A 4-point jump on the ACT can change a lot. It can pull a student from “maybe” to “yes,” or from a weak scholarship offer to a better one. And no, that kind of jump does not come from “studying harder” in some vague, heroic way. It comes from fixing the right things in the right order. The part students hate hearing: most low scores do not come from bad brains. They come from bad habits. A student sits down, races through the test, guesses too much, and then calls it a bad day. I think that excuse costs students more money than the test itself. The ACT rewards people who know the test’s patterns, not just people who know the subject. Before a student understands that, their study time feels random. They do a little math, then some English, then maybe one reading passage, then they hope for the best. After they get a real plan, they stop wasting time on easy stuff they already know and spend more time on the parts that keep dragging them down. That shift matters more than people want to admit.

Quick Answer

You raise your ACT score by using a focused ACT study plan, not by cramming every topic you ever saw in class. Start with a timed full test. That gives you a real score, not a guess. Then sort your misses into buckets. Did you miss the question because you did not know the content, because you ran out of time, or because you fell for a trap answer? Those are different problems, so they need different fixes. A student who misses geometry facts needs a different plan from a student who knows the math but rushes and blanks on half the section. One detail most articles skip: the ACT has 60 English questions in 45 minutes and 40 math questions in 60 minutes. That pace changes everything. You cannot study for this test like a school quiz. A good ACT preparation strategy mixes review, timed drills, and mistake tracking. That sounds simple. It works because the test repeats the same kinds of moves over and over.

Who Is This For?

This helps students who already have a decent base and want a higher score without burning out. It also helps students who keep saying, “I know this stuff, but my score does not move.” That line usually means they need a better ACT practice plan, not more random worksheets. It works well for juniors, seniors taking the test again, and students aiming for scholarship cutoffs that sit just above their current score. A student who should not bother with this kind of plan is the one who has not learned the basics at all and keeps skipping over grade-level math or reading skills. If you cannot solve simple algebra or read a passage without losing the thread, score tricks will not save you.
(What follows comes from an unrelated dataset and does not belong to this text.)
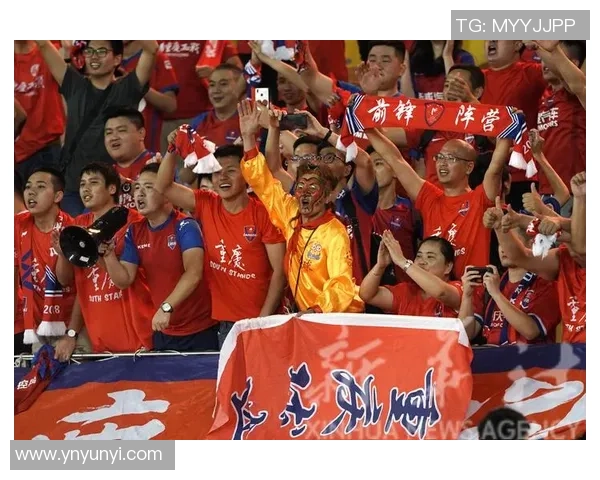 重庆足球队在邀请赛中的强势表现与战术分析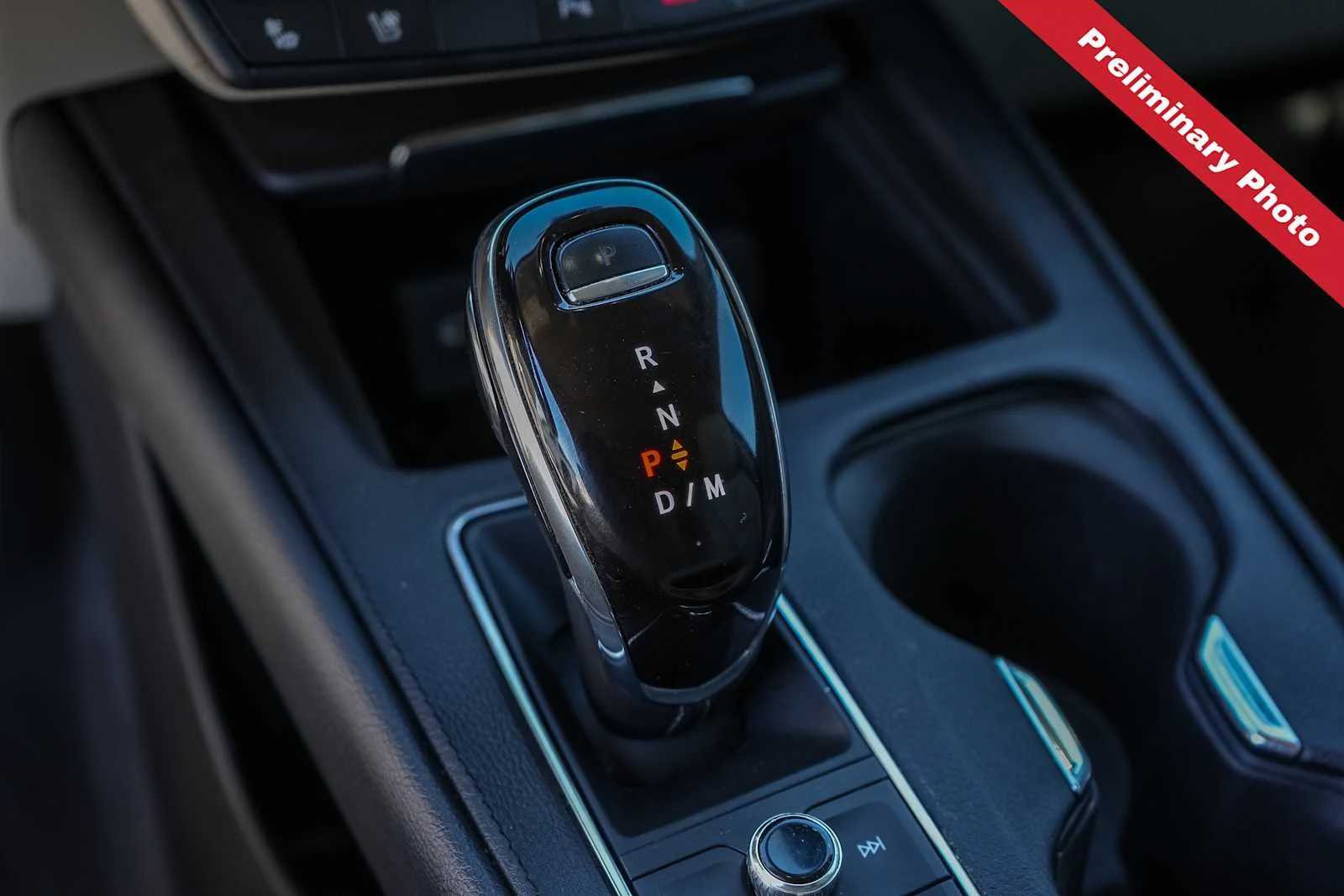 Used 2020 Red Horizon Tintcoat Cadillac FWD Premium Luxury image 16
That is not mean. That is just true. This also does not help much if a student refuses to review mistakes. Some people love “practice” but hate looking at what went wrong. That is a bad combo. The students who improve fastest usually look a little stubborn. They want the exact reason they missed each question. They do not just want more hours. They want a sharper target. That attitude beats raw panic almost every time.

Improving ACT Scores

The ACT works like a filter, not a school exam. It rewards speed, control, and pattern recognition. That is why a student can know the subject well and still score lower than expected. The test does not ask, “Do you understand biology?” It asks, “Can you answer this version of the question fast enough, with four tempting wrong answers sitting right there?” People often get this wrong. They think score gains come from learning more content only. Content matters, yes. But if a student already knows enough content to answer many questions, the bigger problem might be timing or sloppy habits. A better score often comes from fixing the way they work through the test, not just from stuffing in more facts. The ACT also punishes overthinking. That sounds odd, because schools praise careful thinking. On this test, careful thinking still helps, but only if it stays inside the clock. A student who spends two minutes on one hard math problem may lose three easier ones later. That trade hurts more than most students realize. One policy detail matters here: you can use the calculator only on the ACT Math section, and you still need to know when not to use it. A calculator does not rescue weak number sense. It just makes some steps faster. Students also miss the real point of practice tests. A full test is not a grade. It is a map. The score tells you where time leaks out, where traps catch you, and where your weak spots keep showing up. That makes the test less mysterious and a lot less annoying.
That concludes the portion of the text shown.